Chapitre 4 : Glyndwr, l’Elfe Noir
« Chers amis, dit-il, je suis heureux de me trouver parmi vous ce soir. Voici ma modeste contribution en ce jour de fête. Je vais vous raconter l’histoire de Glyndwr, l’Elfe Noir, d’après ce que j’en sais car je l’ai un peu connu.

Quand Glyndwr naquit, j’avais deux cents ans. Je m’en rappelle bien car sa naissance provoqua un très vif émoi au sein de la société skédyn. En effet, Glyndwr avait la peau noire, ce qui est extrêmement rare chez les Elfes. Certains considèrent que c’était de mauvais augure et demandèrent la tenue d’un Conseil exceptionnel pour statuer sur le devenir du petit elfe noir.

Ma mère, Winifrid, connaissait un peu Orwenn, la mère de Glyndwr car elles étaient de la même promotion à l’école de Sulgwenn.

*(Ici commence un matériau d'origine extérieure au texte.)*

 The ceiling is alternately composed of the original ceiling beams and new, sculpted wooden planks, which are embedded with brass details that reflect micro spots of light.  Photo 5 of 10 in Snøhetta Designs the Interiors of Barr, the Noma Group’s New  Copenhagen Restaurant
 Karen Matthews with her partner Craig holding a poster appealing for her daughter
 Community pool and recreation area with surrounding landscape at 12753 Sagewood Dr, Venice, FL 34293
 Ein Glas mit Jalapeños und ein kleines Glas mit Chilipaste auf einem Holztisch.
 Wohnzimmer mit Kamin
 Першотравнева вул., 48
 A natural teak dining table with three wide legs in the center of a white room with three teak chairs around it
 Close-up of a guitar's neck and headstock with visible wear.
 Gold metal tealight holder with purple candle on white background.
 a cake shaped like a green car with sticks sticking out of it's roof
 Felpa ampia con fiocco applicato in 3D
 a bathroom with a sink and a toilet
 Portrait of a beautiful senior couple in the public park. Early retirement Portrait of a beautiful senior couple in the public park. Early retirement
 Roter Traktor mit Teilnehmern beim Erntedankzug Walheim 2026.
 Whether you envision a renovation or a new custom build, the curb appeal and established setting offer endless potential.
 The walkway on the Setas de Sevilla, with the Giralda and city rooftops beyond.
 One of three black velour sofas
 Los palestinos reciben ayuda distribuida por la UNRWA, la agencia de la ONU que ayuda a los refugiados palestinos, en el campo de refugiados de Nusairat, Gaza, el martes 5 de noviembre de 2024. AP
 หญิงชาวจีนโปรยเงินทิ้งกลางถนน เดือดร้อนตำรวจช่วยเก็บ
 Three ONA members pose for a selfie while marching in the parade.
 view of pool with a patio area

Elle me raconta que les parents de Glyndwr l’aimèrent tout de suite malgré sa différence. Et que quand Ildut, son père, fut convié au Conseil, il défendit son fils comme un lion en argumentant qu’il aurait été injuste de présager du destin d’un enfant sur une seule différence physique et que tout enfant était innocent. Le roi Dilwyn trancha et Glyndwr eut le droit de vivre.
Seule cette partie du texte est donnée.